__Problem requirements__. Your answer should be the full data, transcribed exactly, with no pictures in it.

*** Given material ***

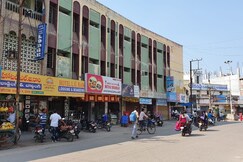HOTEL L G RAM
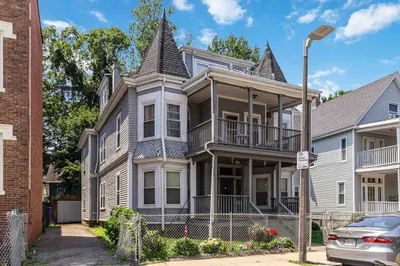 38 Waumbeck St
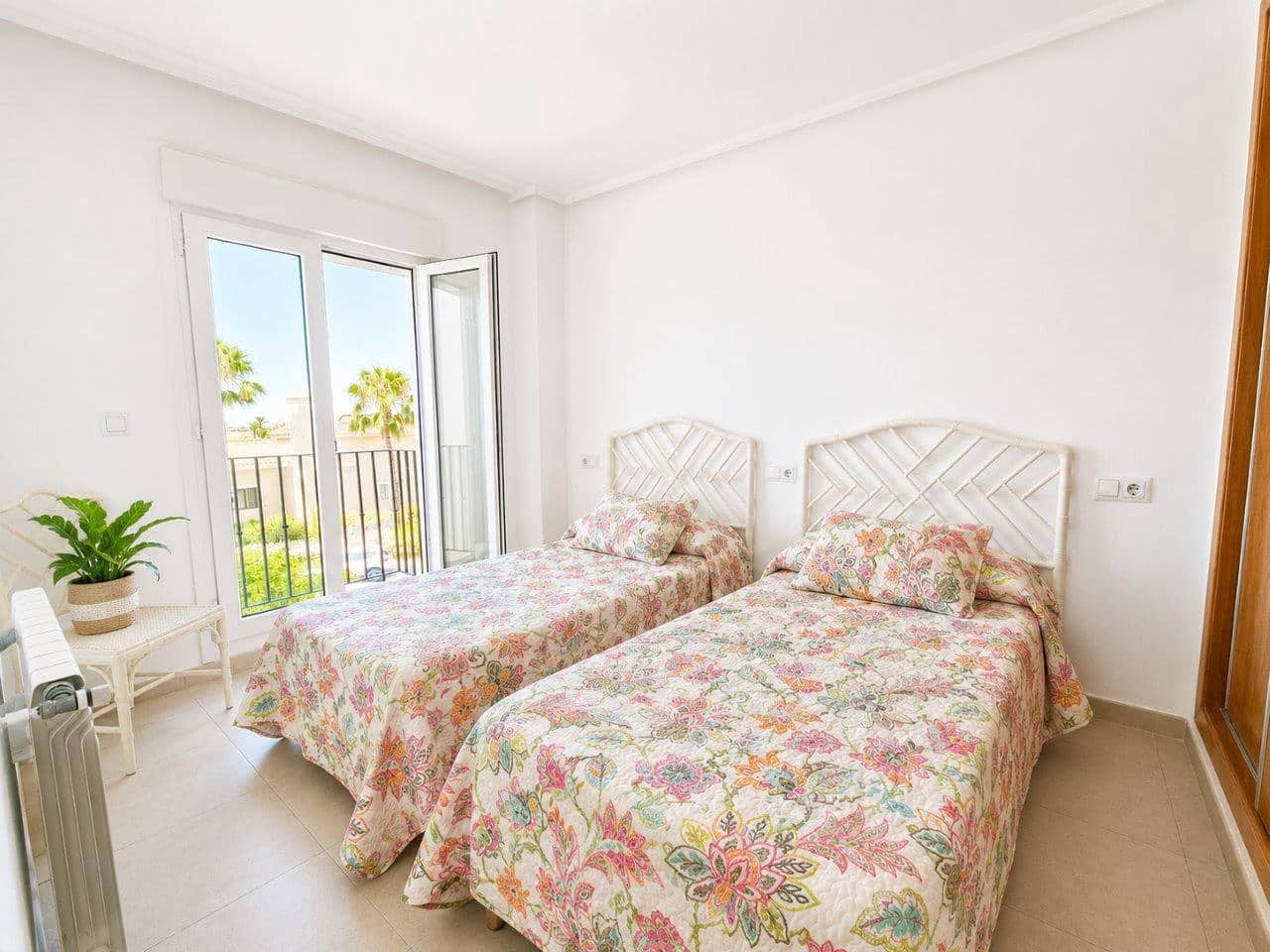 2 bedroom Apartment for sale in Murcia city with pool - € 149,999 (Ref: 9958447)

*** End of Given material ***

__Written response__.
HOTEL L G RAM
 38 Waumbeck St
 2 bedroom Apartment for sale in Murcia city with pool - € 149,999 (Ref: 9958447)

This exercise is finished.